For those of you who are not lawyers out there, this means there would be a legal basis for data to flow between Europe and the UK.

Whether or not the UK is a member of the EU, and whatever its formal relationship might be, if British companies—for example, in the financial sector—want to process EU personal data, the protection in the UK must be “adequate or essentially equivalent” for data flows from the continent to be permitted. It is therefore likely that the UK government will need to bring in data privacy laws that align closely with the GDPR.

However, it’s worth remembering that the reason why Safe Harbour was struck down, and why Privacy Shield may suffer the same fate, is that the EU’s highest court deemed the surveillance carried out by the NSA as excessive and therefore illegal. But we know from Snowden’s documents that GCHQ’s Tempora programme is just as invasive—indeed, Snowden said that historically: “They [GCHQ] are worse than the US.” That raises the interesting question of whether the CJEU would find that GCHQ’s surveillance of data flows is also excessive and therefore illegal under EU privacy laws if a challenge were brought by someone like, say, Schrems.
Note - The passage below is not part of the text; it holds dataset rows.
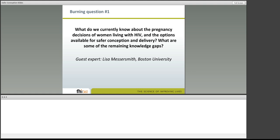Good morning, good afternoon, everyone. Thank you very much, Tricia, for your introduction. My remarks today will focus on some of the behavioral, structural, and social factors — rather than clinical factors — regarding safer conception and pregnancy options for women and couples living with HIV. I'd like to start by saying that, regardless of HIV status, desire for children can be affected by a range of factors including number of living children, family size norms, cultural values, wishes to fulfill fertility expectations once married, and other social and personal factors.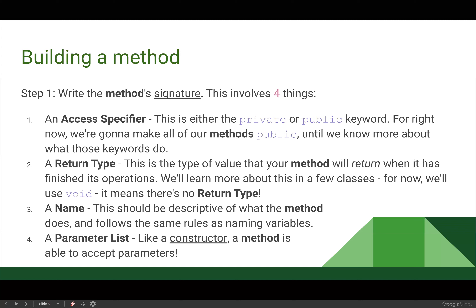So we've got two things already: public and void. Thing three is the name of our method — it should be descriptive of what the method is going to do and follows the same naming rules as variables: lower camel case, descriptive, can't start with a number, things like that. Our fourth thing is the parameter list. Just like a constructor, a method is able to accept parameters.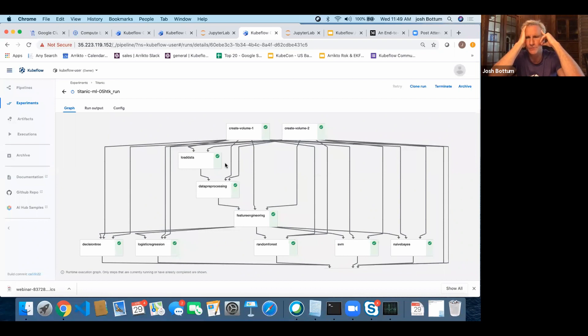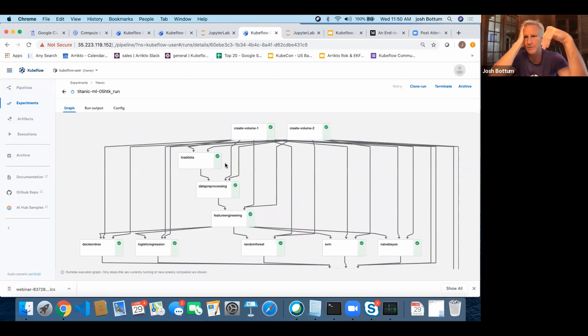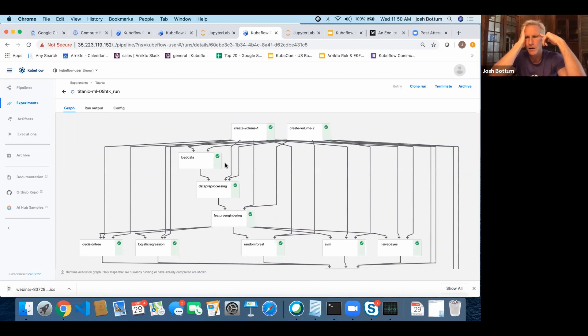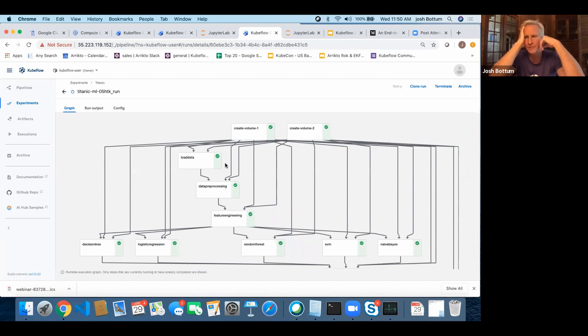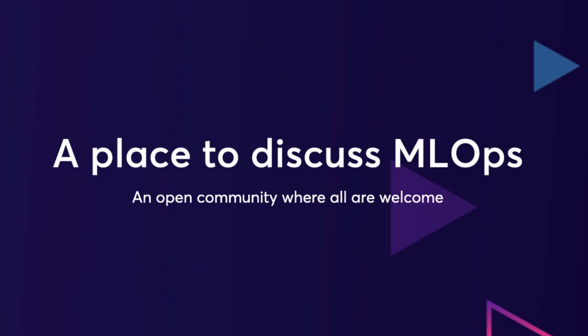So Kubeflow is really designed as one of those key tenants to be very portable. So, you know, to port from your laptop to any public cloud to on-prem and have similar operations no matter where you're running it. I think that's potentially a difference of why people are investing in Kubeflow.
The UK government has managed to sidestep this issue so far. But once the UK is outside the European Union, continental companies will not want to risk fines of up to four percent of their global turnover by sending personal data to a country which may be judged a privacy pariah by the courts.

As data progresses from being the new oil that helps powers modern economies, to becoming the very life-blood that keeps them alive, data flows will become a key strategic issue for all governments. That’s especially true for the UK, which will depend on them for its new, and as-yet undefined, relationships with the world’s nations, their citizens, and their companies.